1. Sua conversão está anunciada abundantemente. Haverá o dia em que
também eles trarão ao SENHOR as suas oferendas. Todas as nações distantes
louvarão o SENHOR. Todos os povos abandonarão seus ídolos e adorarão e
obedecerão somente ao SENHOR (Is 41.1,5; 42.4,10,12; 49.1; 18.7). Superada a
alienação, a idolatria, os povos chegarão a reconhecer no projeto da Aliança o
único caminho possível (Is 45.14).
2. Na mesma perspectiva, falam: a) o salmo 68, especialmente os vv. 29-32,
onde se encontra a seguinte promessa: “E a Etiópia estenderá as mãos para
Deus”; e b) o salmo 87, onde se declara que “O SENHOR escreverá uma lista
dos povos, e nela todos eles serão cidadãos de Jerusalém"(v.6); e, entre esses
povos, são citados, especificamente. os etíopes: “Os povos da Filistéia, de Tiro e
da Etiópia eu tratarei como se eles tivessem nascido em Jerusalém” (v.4b).

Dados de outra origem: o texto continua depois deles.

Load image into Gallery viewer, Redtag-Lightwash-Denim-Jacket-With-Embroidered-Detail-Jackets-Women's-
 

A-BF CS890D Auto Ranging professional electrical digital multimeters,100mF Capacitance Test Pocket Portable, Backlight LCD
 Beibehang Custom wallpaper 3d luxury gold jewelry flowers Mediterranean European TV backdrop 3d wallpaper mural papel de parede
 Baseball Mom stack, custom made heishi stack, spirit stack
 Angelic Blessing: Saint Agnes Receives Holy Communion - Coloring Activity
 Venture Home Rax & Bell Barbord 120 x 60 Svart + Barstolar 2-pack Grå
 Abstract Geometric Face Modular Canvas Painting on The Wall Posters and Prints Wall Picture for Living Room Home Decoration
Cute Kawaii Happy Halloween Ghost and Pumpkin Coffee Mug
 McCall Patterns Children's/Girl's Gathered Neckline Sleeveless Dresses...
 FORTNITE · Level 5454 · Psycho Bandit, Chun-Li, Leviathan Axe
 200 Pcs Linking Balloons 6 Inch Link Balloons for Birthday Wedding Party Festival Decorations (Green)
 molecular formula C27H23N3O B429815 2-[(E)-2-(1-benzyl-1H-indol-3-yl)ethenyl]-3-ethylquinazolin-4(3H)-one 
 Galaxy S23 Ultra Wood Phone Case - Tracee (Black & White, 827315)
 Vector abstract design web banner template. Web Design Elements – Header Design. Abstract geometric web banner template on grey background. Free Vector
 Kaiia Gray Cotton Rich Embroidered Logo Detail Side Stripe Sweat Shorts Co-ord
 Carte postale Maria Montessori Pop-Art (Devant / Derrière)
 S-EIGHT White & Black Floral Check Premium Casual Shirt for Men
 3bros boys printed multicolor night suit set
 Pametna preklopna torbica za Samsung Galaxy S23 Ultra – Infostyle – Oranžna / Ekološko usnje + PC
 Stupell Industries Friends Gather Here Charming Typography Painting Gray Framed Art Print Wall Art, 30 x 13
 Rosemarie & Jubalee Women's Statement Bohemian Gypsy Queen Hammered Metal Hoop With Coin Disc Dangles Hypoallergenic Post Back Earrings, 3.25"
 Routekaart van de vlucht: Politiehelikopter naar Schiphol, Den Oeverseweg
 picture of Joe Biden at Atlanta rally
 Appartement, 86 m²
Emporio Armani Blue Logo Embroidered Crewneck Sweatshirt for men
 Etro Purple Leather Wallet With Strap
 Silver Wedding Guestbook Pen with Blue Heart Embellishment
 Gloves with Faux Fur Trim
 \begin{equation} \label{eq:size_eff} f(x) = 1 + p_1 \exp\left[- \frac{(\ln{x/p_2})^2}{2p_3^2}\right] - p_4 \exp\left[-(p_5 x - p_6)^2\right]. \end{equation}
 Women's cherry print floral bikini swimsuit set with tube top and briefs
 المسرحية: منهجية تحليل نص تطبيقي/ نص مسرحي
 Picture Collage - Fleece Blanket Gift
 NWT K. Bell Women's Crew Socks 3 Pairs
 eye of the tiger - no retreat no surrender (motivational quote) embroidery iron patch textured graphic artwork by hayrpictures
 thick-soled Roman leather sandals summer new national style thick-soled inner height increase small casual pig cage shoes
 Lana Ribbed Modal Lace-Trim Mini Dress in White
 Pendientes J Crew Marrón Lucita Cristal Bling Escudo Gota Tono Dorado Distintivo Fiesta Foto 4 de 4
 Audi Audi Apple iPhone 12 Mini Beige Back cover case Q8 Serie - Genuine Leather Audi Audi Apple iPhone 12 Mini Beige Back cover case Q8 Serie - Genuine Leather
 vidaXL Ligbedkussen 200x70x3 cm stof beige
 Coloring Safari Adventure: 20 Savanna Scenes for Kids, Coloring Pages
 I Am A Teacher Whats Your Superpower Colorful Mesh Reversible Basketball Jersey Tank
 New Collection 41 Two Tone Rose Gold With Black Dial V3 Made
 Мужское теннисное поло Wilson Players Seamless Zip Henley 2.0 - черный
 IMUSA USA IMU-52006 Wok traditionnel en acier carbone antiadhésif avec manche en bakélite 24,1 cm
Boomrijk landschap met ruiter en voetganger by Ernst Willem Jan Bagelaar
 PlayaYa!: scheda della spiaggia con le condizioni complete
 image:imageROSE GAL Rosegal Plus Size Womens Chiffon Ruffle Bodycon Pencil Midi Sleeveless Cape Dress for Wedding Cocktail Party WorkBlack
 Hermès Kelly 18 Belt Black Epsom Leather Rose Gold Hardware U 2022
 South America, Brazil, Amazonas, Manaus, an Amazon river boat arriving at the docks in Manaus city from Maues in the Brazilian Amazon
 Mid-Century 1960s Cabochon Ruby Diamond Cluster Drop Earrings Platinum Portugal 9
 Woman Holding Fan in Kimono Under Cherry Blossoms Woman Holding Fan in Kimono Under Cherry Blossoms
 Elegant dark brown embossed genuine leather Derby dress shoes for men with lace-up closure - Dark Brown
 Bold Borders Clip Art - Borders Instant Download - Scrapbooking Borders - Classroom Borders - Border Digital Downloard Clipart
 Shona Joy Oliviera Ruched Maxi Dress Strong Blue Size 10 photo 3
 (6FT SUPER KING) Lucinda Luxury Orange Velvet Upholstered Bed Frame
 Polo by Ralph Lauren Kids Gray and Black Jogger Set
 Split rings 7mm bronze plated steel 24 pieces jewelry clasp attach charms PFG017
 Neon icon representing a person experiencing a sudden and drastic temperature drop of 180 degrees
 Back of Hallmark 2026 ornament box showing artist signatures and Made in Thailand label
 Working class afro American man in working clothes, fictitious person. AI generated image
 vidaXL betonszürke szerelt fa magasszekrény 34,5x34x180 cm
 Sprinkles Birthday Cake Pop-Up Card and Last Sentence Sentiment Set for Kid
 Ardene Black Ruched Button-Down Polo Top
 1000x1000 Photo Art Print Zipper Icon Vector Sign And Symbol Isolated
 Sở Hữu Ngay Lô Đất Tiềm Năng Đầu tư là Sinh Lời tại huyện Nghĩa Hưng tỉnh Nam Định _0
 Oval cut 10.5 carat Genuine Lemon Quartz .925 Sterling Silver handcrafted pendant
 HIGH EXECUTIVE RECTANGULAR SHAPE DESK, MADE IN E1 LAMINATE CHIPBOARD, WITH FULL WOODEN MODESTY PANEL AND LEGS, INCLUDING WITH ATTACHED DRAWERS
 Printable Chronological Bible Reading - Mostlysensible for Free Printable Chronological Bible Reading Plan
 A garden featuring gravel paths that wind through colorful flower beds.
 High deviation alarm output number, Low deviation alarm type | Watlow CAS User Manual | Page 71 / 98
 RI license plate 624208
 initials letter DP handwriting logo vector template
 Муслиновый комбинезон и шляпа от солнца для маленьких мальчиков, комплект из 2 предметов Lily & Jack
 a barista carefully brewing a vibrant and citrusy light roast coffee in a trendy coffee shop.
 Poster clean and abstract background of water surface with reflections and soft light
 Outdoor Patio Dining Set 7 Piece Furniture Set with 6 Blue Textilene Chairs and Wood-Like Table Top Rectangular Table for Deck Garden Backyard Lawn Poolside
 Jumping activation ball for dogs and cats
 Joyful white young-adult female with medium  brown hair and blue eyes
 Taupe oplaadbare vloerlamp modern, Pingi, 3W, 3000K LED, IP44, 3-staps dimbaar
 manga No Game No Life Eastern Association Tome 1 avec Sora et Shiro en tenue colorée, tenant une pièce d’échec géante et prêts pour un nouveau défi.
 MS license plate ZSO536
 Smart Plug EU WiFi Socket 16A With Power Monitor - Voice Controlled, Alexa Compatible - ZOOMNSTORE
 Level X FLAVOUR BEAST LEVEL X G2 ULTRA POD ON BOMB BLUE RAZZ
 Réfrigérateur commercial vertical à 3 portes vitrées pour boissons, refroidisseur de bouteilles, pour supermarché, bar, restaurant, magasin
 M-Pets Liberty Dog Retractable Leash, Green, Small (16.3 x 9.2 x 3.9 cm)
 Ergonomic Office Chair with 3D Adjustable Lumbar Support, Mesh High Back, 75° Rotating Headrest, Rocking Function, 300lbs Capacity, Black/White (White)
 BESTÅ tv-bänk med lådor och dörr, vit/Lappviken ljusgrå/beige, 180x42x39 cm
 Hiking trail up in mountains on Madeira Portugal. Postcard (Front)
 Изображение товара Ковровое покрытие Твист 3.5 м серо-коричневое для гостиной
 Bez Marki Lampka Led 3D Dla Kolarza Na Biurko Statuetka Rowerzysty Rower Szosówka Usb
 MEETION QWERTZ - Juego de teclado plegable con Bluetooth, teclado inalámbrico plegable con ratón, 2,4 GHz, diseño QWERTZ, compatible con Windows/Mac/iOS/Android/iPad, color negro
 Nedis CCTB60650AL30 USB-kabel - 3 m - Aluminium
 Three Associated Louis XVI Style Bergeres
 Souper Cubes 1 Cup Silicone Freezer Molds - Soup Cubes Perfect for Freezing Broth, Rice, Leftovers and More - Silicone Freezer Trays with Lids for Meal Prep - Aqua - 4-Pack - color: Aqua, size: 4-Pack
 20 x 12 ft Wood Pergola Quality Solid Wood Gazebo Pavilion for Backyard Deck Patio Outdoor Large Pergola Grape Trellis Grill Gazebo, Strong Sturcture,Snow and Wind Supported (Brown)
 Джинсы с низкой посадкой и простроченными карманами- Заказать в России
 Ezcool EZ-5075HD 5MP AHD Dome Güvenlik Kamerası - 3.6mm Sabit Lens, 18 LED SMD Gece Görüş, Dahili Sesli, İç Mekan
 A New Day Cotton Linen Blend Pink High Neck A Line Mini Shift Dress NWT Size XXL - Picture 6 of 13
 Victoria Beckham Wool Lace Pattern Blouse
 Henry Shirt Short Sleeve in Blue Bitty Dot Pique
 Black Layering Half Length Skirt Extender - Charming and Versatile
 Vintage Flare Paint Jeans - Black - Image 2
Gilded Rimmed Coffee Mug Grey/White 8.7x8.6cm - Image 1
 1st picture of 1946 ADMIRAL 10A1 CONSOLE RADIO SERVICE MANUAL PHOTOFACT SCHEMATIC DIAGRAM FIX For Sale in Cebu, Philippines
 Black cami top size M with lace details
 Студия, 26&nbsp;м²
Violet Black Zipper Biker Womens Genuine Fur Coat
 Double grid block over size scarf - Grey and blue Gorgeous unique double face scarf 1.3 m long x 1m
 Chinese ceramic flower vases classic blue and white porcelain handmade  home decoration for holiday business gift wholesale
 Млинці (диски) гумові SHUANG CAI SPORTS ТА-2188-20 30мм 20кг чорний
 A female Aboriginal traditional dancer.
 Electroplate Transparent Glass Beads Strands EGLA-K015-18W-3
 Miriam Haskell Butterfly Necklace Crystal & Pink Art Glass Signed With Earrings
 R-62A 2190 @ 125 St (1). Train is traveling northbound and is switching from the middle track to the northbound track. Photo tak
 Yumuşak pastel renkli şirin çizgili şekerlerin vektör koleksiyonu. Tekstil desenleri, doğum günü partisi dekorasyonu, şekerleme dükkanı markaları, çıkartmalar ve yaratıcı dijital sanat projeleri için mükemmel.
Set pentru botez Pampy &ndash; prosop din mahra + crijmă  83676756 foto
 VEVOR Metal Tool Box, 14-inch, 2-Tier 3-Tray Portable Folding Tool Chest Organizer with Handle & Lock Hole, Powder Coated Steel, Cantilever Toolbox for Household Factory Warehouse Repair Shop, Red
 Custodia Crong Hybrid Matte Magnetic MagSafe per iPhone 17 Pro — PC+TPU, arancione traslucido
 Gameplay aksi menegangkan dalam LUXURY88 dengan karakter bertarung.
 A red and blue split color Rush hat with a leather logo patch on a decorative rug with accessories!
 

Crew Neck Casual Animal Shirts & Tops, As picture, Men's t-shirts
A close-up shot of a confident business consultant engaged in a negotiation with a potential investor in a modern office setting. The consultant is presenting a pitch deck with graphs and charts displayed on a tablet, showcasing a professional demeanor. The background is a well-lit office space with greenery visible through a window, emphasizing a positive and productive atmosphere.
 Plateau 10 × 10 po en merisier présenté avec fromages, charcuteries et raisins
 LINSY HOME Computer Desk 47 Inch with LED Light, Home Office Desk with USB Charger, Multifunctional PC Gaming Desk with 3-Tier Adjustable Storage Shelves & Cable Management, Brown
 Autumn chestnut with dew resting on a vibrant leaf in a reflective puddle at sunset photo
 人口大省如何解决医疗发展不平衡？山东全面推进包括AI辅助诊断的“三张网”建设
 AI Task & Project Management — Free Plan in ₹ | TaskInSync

3. Mais significativo ainda é Am 9,7. 0 SENHOR Deus é o Senhor de toda a
história humana e todos os povos são iguais diante dele. Israel não deve
presumir ter mais importância para o SENHOR do que os etíopes, os negros:
“Povo de Israel, eu amo o povo da Etiópia tanto quanto amo vocês”. Os filisteus
e arameus foram também objetos do cuidado divino, e suas migrações foram
igualmente dirigidas pela vontade soberana do mesmo Deus que tirou Israel da
terra do Egito e lhe fez a dádiva da terra “que mana leite e mel”. Esse
universalismo expresso no oráculo do profeta nega a qualquer povo uma relação
exclusiva com Deus e afirma a igualdade de todos eles aos olhos dele. E a
relação que é primeiro apresentada nessas vigorosas palavras é a do SENHOR
com os etíopes. Essas palavras combatem qualquer veleidade de orgulho
nacional e, para o nosso tempo e para a nossa sociedade, qualquer sentimento de
orgulho racial.
4. É nessa mesma linha que se coloca a narrativa da conversão do oficial
superior, tesoureiro real, da corte da rainha Candace da Etiópia. A conversão se
deu por intermédio do ministério do evangelista Filipe (At 8.26-39). O texto é
de grande importância, pois mostra:
a.como os helenistas, tendo evangelizado Samaria, partem para a evangelização
das nações, de acordo com o programa do Senhor Jesus, em At 1.8; b. um
6
trabalho missionário cristão com uma estrutura reduzida e sob a orientação
direta do Espírito Santo; embora, assim mesmo, esse trabalho estivesse
subordinado aos apóstolos, em Jerusalém; c. sobretudo, para os
afrodescendentes, é importante porque mostra que o primeiro não-judeu
introduzido, pelo poder e pela orientação do Espírito Santo, no novo povo de
Deus, era um etíope, um negro.
Cumprem-se, portanto, no Evangelho de Cristo, a promessa e a esperança do
AT. A partir de Is 53.7-8, que o eunuco está lendo, Filipe lhe anuncia a Boa
Nova a respeito de Jesus. E ele aceita, imediatamente essa Boa Nova. Para José
Comblin “o africano representa aqui um papel messiânico. Foi escolhido para
representar a multidão de nações que viriam até das extremidades da terra pra
formar o único povo de Deus”. Era um homem rico e proeminente. Viera do
norte da África, da região hoje correspondente ao Sudão, para adorar. Era um
homem que estava diligente, sincera e insistentemente, buscando alguma
coisa. Inquieto, procurava alguma coisa que jamais tinha conhecido antes - e a
encontrou. Era um homem negro, que se tornou uma das primícias das missões
cristãs em todo o mundo não-judaico. Ele tornou-se o antepassado de todos os
homens negros, afrodescendentes, ganhos para a fé em Jesus, nesses vinte e um
séculos de história da Igreja e da missão cristã. Um símbolo de inclusão no
projeto do Deus que não faz acepção de pessoas e que, se jamais manifestou
alguma preferência, foi pelos oprimidos, os humilhados, os excluídos.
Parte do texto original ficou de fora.